Trafik lambasının kırmızı ışığı boyuyor bizi, al al öpüyor Kuro'nun boğumlarını. Kafamın için anlandıramadığım bir hisle dolu; tanıdık ama bir o kadar da yabancı. Sigaraları buluyorum. Işık hâlâ kırmızı. Kuro elini bana doğru uzatıyor. Dudaklarım arasında kıstırıp yaktıktan sonra parmaklarına yerleştiriyorum sigarayı. Sessizlik sürüyor.

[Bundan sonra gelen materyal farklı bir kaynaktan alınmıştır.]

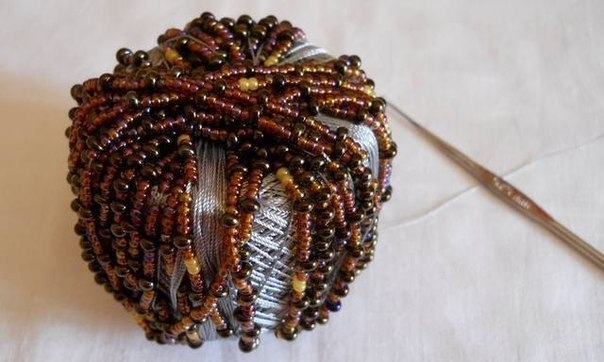 Вязаные бусы-жгут Трюфельные конфетки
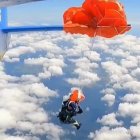 Un paracaigudista queda penjat de la cua d'un avió.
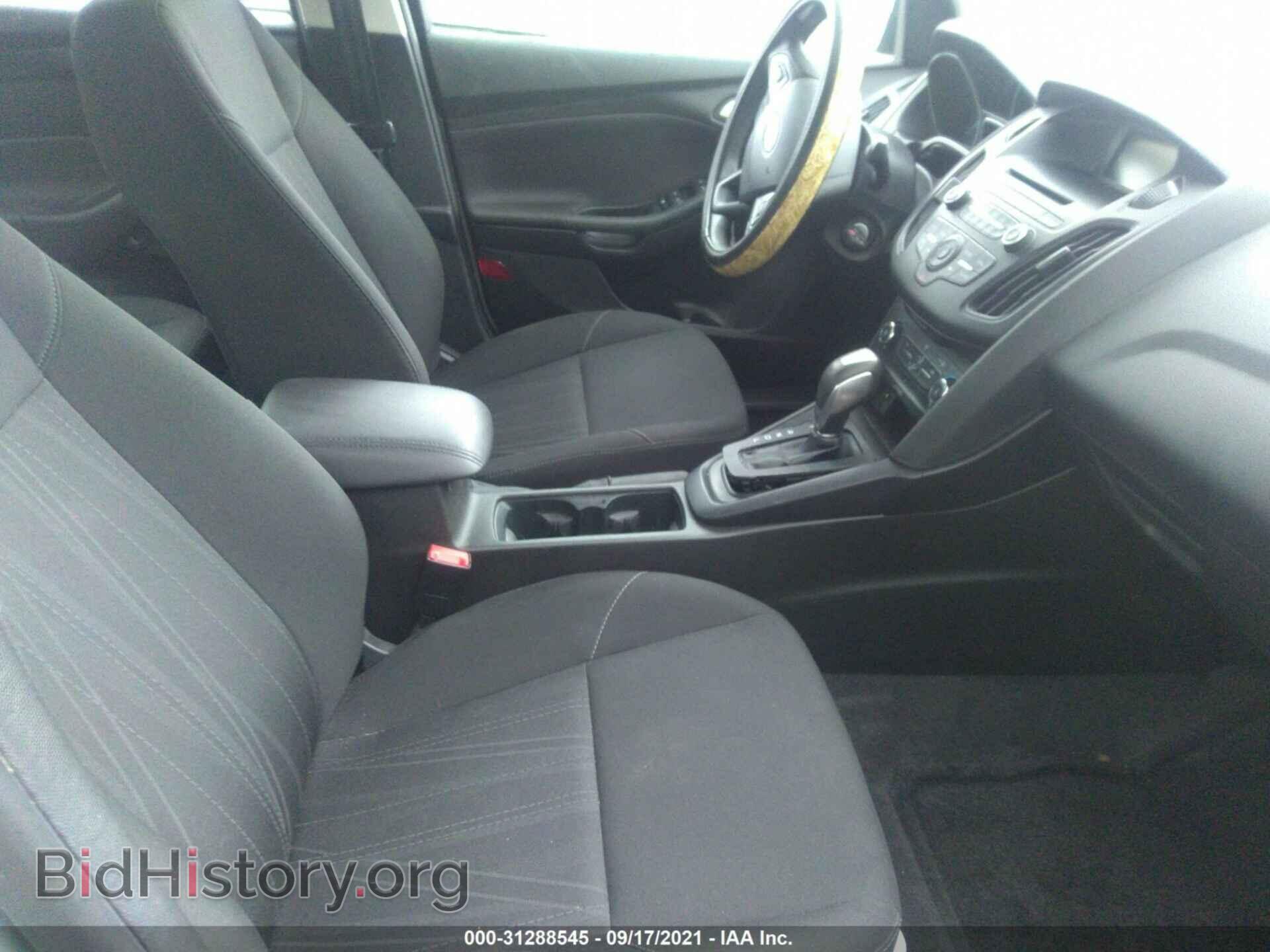 2016 FORD FOCUS - VIN: 1FADP3F26GL392990 - Photo 5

Bu düzen aramızda ne zaman oluştu emin değilim ama bir süredir devam ediyor. Ne zaman onu görmeye gitsem Kuro gelip alıyor beni. Bazen, Souma beni almak gibi basit şeyler için çok meşgül olduğunda, bıraktığı da oluyor. Yolculuk boyunca konuşmuyoruz, sadece sessizlik içinde oturuyoruz. Radyo bile açmıyor Kuro, sadece camlardan içeri davetsizce dalan gecenin sesleri.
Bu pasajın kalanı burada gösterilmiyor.